In a wide-ranging conversation between Professor Standing and our Patrick Hurley prior to the event, he spoke freely on his influences, his worries for the future, and the values that underpin his politics; he also told us what happened the time he got locked in a room with Boris Johnson…

You can trace my radical politics and world view back to the 1960s, and Liverpool was of course a very central point in helping my generation to feel liberated and more radical because we had lived in, and been brought up in the post-war era of drabness of Labourism and of a sort of social consensus built around industrial society.  And it wasn’t a golden age of capitalism.  It was an age when many of us were questioning what was happening in our name.  I was in Paris in May 1968 and I was in Greece shortly afterwards and saw the colonels. Those were radicalising events which have shaped my whole thinking. I trace my eco-socialism to the great figures of the late nineteenth century around William Morris.  William Morris, I found, has a very attractive form of socialism.  He lost out to the Fabians and to the communists and so on.  But his idea of a socialism grounded in crafts, grounded in rural living, grounded in a conviviality and local communities, I’ve always been influenced by that perspective.

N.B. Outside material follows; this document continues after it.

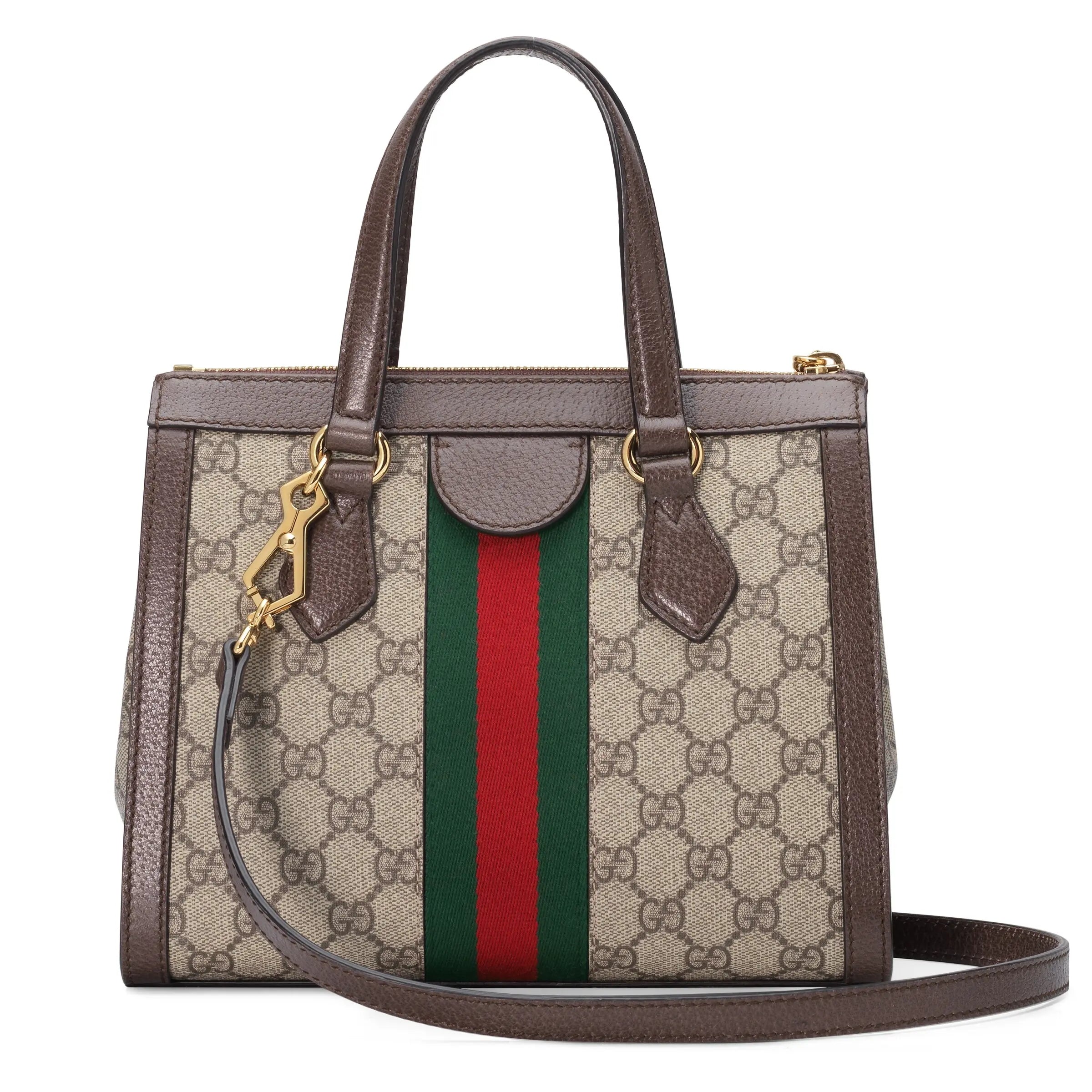 GUCCI〔春夏の新作〕 〔オフィディア〕GG スモール トートバッグRef: 547551 K05NB 8745-最安値に挑戦中!!!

Over the years I’ve become far greener, more ecological.  I love growing fruits and vegetables.  I love the idea of allotments.  I love the idea of nurturing and interacting with nature.  One of the greatest thinkers influences that in a sense I’ve underestimated and underplayed in my books was Alexander Von Humboldt who was the first ecologist and was a very influential figure on the thinking by Marx and by Morris and others.  And he understood the need for integration of an aggressive agenda with respect and an integration with nature.  

And I think the balance that you get from that is – and this is in my new book on the commons – the feeling that the commons defines society.  The commons gives us our humanity.  And what the Tories have done since Thatcher when she came into office as Leader of the Tories in 1975 onwards, they denigrated the whole notion of society, they denigrated respect for the values of nature.  And her infamous statement that there is no such thing as society, for me is an antithesis of what we should be about.  Society defines us, community defines us, the commons defines us.  Ever since the Charter of the Forest of 1217 we have integrated into our constitution a respect for the need for the commons and a right to subsistence and a need to preserve our commons.  

And I think that has been lost.  It was lost under New Labour as much as it was under the Conservatives and the coalition government and then the Tories have continued to tear apart the commons.  For me, this part is very integrated into my love of nature, my respect for the sea.  I’m a fisherman.  But I always put the fish back but I love fishing because it connects you with nature.  And I think that side of me I’ve come to appreciate as quite an important thread which keeps you grounded.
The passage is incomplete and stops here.